The Republic of Love by Carol Shields




  Republic of Love

  Carol Shields

  For Don

  ∼ CONTENTS ∼

  Cover

  Title Page

  Tom

  CHAPTER 1. Breaking

  CHAPTER 2. Beginning

  CHAPTER 3. Put That on My Tombstone

  CHAPTER 4. I Believe in One Thing

  CHAPTER 5. How Are You, How Are You?

  CHAPTER 6. Love Is the Only Enchantment

  CHAPTER 7. How Fortunate She Is

  CHAPTER 8. Running Lightly

  CHAPTER 9. The Pageant of Romance

  CHAPTER 10. Don’t Worry About It

  CHAPTER 11. Love and the Absence of Love

  CHAPTER 12. Riding High

  CHAPTER 13. Seduction and Consolation

  CHAPTER 14. Entering a Period of Good Fortune

  CHAPTER 15. Something I’ve Been Thinking About

  CHAPTER 16. Fortuitous Events

  CHAPTER 17. Anything Might Happen

  CHAPTER 18. What I’d Really Like

  CHAPTER 19. The Sacred and the Profane

  CHAPTER 20. I Love You

  CHAPTER 21. I Love You Too

  CHAPTER 22. Everything They Say Is True

  CHAPTER 23. So This Is How It Feels

  CHAPTER 24. Stardust

  CHAPTER 25. “It”

  CHAPTER 26. Happy Days

  CHAPTER 27. I Want

  CHAPTER 28. Moving Right Along

  CHAPTER 29. Keeping the Faith

  CHAPTER 30. What Has Befallen Him

  CHAPTER 31. Black Holes

  CHAPTER 32. It Groweth Cold

  CHAPTER 33. Putting Asunder

  CHAPTER 34. Practicing to Die

  CHAPTER 35. Important Announcements

  CHAPTER 36. Out of the Blue

  Fay

  About the Author

  Praise

  The Work of Carol Shields

  Copyright

  About the Publisher

  Tom

  AS A BABY, TOM AVERY HAD TWENTY-SEVEN MOTHERS. SO HE SAYS. That was almost forty years ago.

  Ask me more, his eyes beg, ask me for details.
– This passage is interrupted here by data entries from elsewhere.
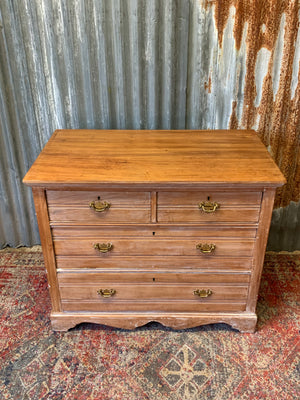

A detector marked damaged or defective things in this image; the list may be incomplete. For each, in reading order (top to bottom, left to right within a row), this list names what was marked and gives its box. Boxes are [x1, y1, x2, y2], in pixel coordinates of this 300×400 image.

rust stain on metal [206, 0, 300, 206] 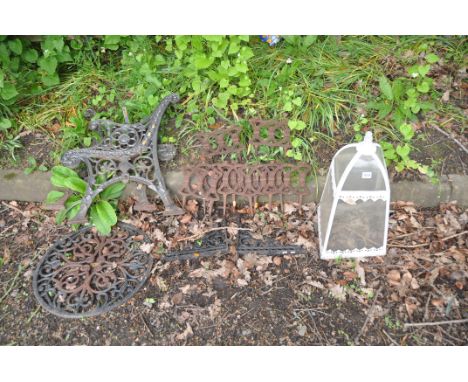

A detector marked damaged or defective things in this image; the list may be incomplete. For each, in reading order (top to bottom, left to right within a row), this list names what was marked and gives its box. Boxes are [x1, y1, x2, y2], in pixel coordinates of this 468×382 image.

rust patina on iron [33, 222, 154, 318] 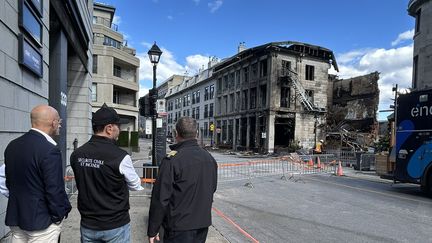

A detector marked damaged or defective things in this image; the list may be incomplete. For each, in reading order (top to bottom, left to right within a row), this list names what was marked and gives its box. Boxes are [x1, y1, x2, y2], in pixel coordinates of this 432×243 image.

burned roof [214, 40, 340, 72]
fire-damaged building [211, 41, 340, 152]
fire-damaged building [326, 71, 380, 149] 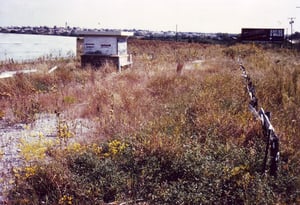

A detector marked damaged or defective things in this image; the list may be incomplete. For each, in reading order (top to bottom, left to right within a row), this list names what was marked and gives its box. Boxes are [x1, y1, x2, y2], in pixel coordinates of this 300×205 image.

rusted wire fence [238, 60, 280, 176] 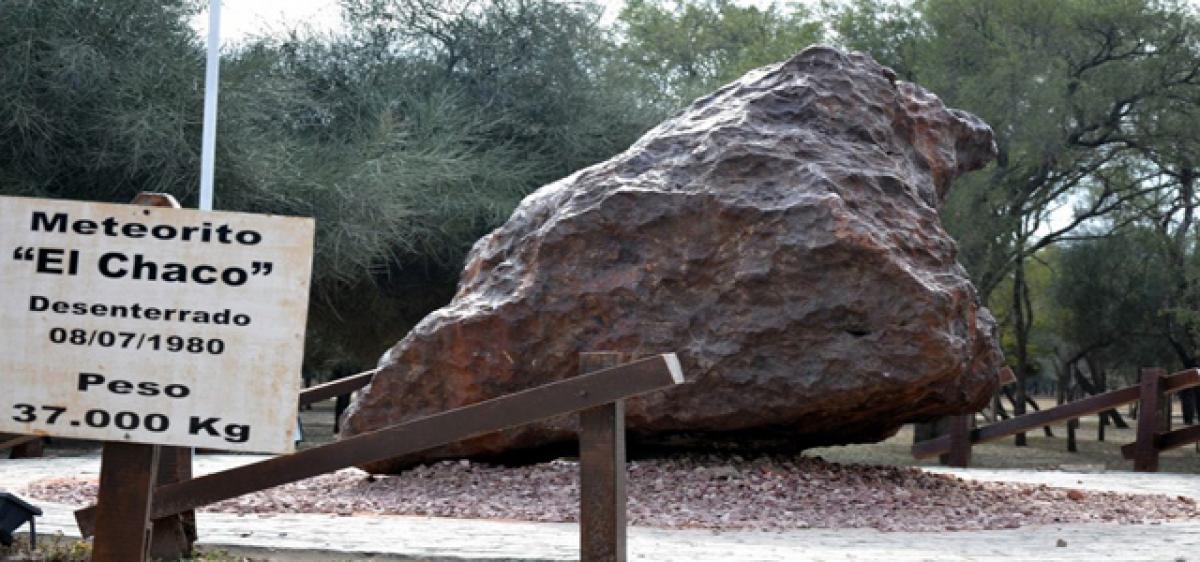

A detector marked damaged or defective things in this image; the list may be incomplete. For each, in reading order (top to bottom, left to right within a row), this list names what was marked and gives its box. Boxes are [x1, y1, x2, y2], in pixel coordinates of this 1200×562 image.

rusty metal surface [91, 442, 161, 560]
rusty metal surface [298, 370, 378, 404]
rusty metal surface [77, 352, 684, 532]
rusty metal surface [580, 352, 628, 556]
rusty metal surface [908, 368, 1200, 460]
rusty metal surface [1136, 366, 1160, 470] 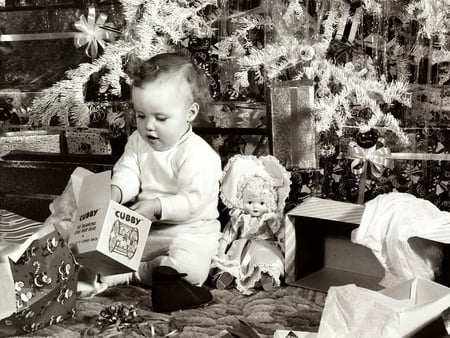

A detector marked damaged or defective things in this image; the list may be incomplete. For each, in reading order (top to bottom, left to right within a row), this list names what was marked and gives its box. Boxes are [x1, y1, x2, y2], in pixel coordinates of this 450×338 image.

torn wrapping paper [0, 211, 78, 338]
torn wrapping paper [318, 278, 450, 338]
torn wrapping paper [352, 193, 450, 288] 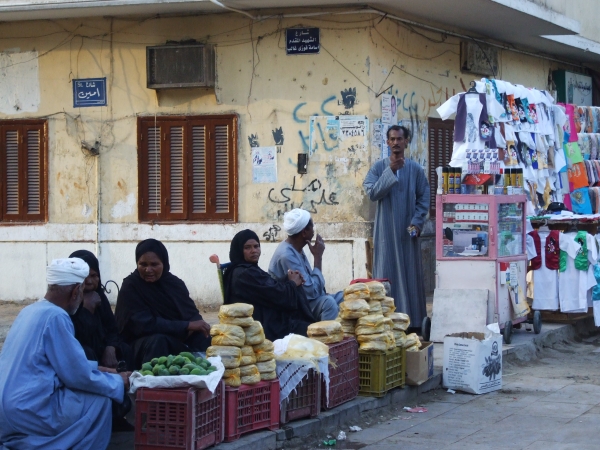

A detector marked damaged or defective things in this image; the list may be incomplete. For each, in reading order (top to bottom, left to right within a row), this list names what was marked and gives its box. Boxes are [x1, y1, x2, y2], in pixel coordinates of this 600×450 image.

torn poster on wall [312, 115, 368, 157]
torn poster on wall [252, 147, 278, 184] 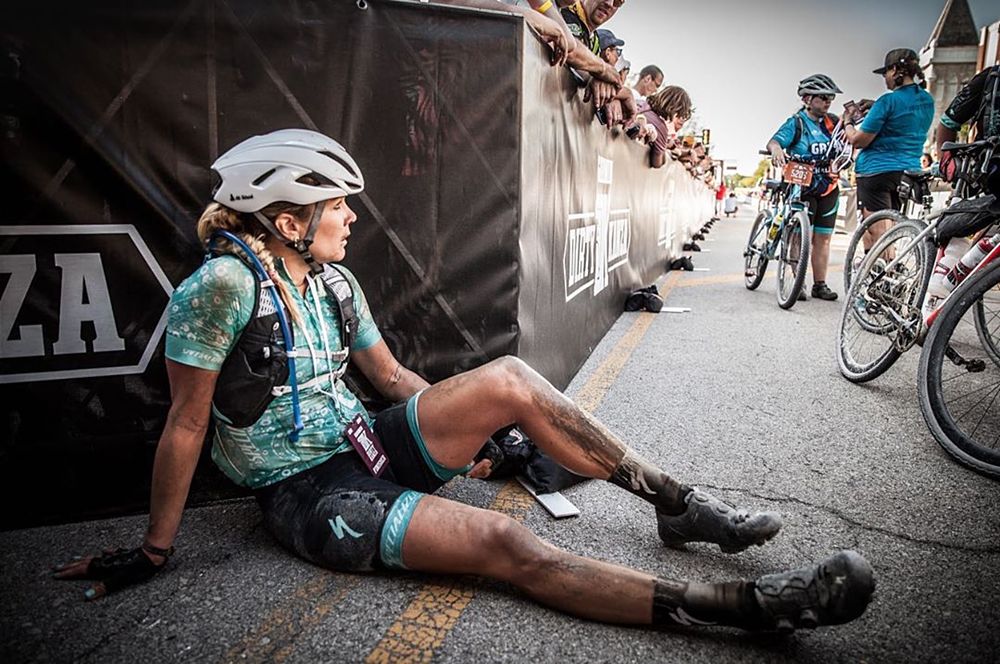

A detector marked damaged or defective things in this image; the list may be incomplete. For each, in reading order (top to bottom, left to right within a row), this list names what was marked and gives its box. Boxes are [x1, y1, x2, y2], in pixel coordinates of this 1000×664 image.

crack in asphalt [700, 482, 1000, 556] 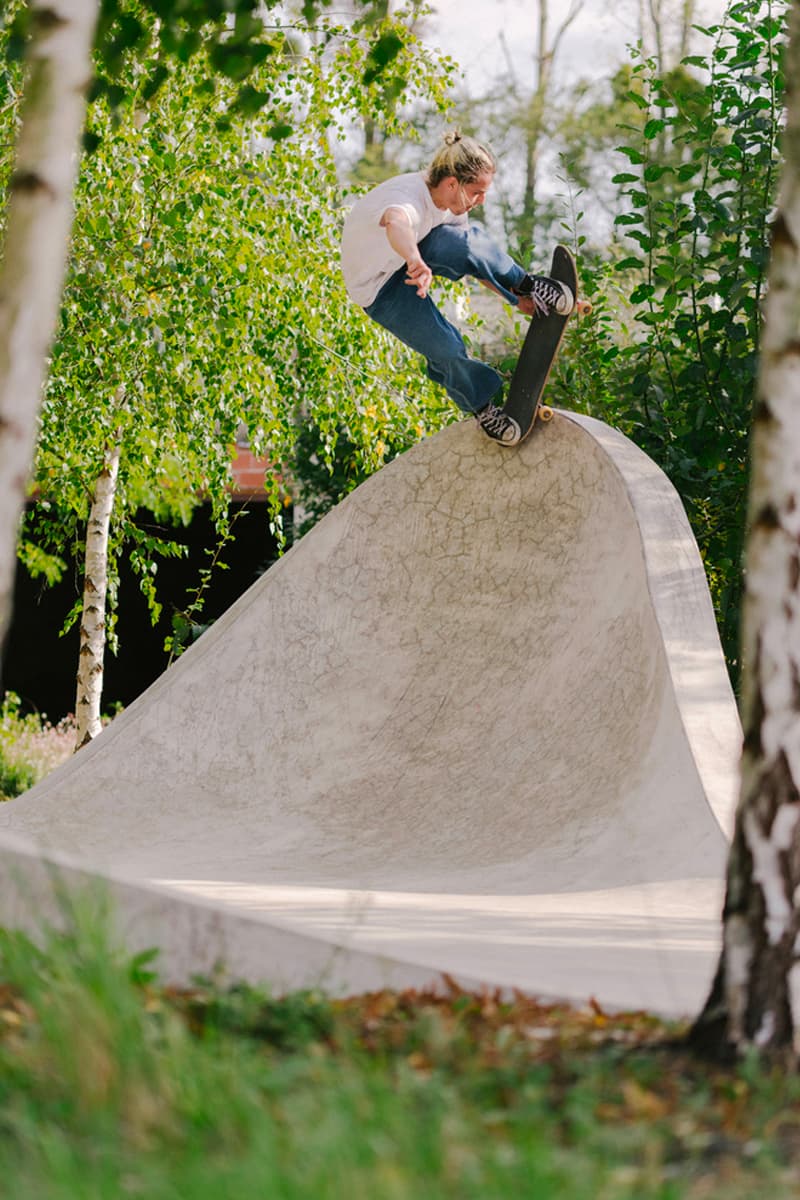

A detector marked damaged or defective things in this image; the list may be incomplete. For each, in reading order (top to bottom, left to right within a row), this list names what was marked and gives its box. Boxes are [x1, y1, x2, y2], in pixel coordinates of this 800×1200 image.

cracked concrete texture [0, 410, 743, 1012] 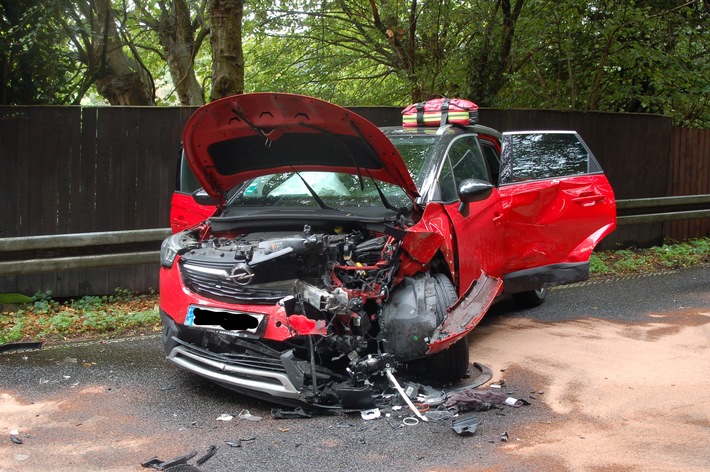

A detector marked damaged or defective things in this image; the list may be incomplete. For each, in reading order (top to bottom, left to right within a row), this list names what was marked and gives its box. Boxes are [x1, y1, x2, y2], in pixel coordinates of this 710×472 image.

crumpled fender [426, 272, 504, 354] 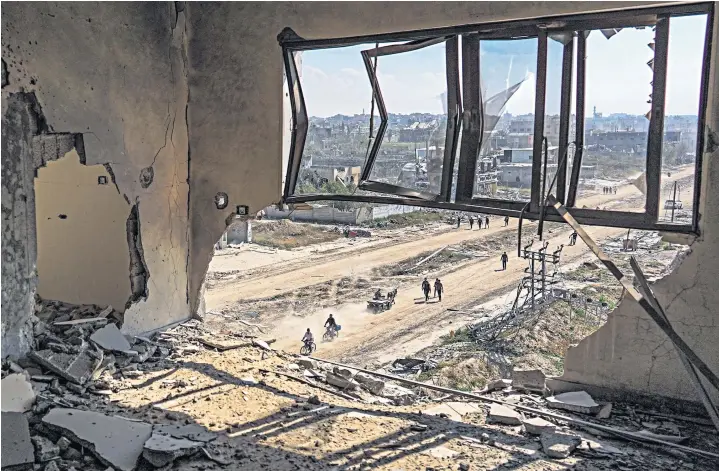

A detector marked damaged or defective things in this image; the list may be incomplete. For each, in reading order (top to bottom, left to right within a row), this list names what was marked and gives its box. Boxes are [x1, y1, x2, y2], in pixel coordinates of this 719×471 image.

broken window frame [280, 1, 716, 234]
cracked concrete wall [2, 0, 191, 350]
cracked concrete wall [183, 0, 648, 318]
cracked concrete wall [564, 6, 719, 406]
cracked concrete wall [34, 150, 132, 314]
broken concrete slab [89, 324, 131, 354]
broken concrete slab [0, 412, 34, 468]
broken concrete slab [1, 374, 36, 412]
broken concrete slab [31, 436, 59, 462]
broken concrete slab [29, 348, 98, 386]
broken concrete slab [42, 408, 153, 470]
broken concrete slab [142, 434, 202, 470]
broken concrete slab [153, 426, 218, 444]
broken concrete slab [356, 374, 386, 396]
broken concrete slab [490, 404, 524, 426]
broken concrete slab [512, 368, 544, 394]
broken concrete slab [524, 418, 556, 436]
broken concrete slab [544, 430, 584, 460]
broken concrete slab [544, 392, 600, 414]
  Well, then. At three weeks of age, there he was, this little stringy wailing thing, six and a half pounds of malleable flesh. His mother was sick, desperately sick, a kind of flu that worsened to pneumonia and then depression. In all, she was hospitalized for six months. Where was his father in all this? What father? Ha! That’s another story.

  A kindly social worker looked at scrawny, misshapen little Tom (rickets, one foot turning out sideways, not quite right) and said: “Leave him to me.” The next day Tom was installed in the Department of Home Economics at the University of Manitoba. He was moved straight into McDougal Hall, the Home Ec’s neo-Georgian practice house on the banks of the river, the wide Red, and put to sleep in a white enameled crib. Little Tom, the practice baby.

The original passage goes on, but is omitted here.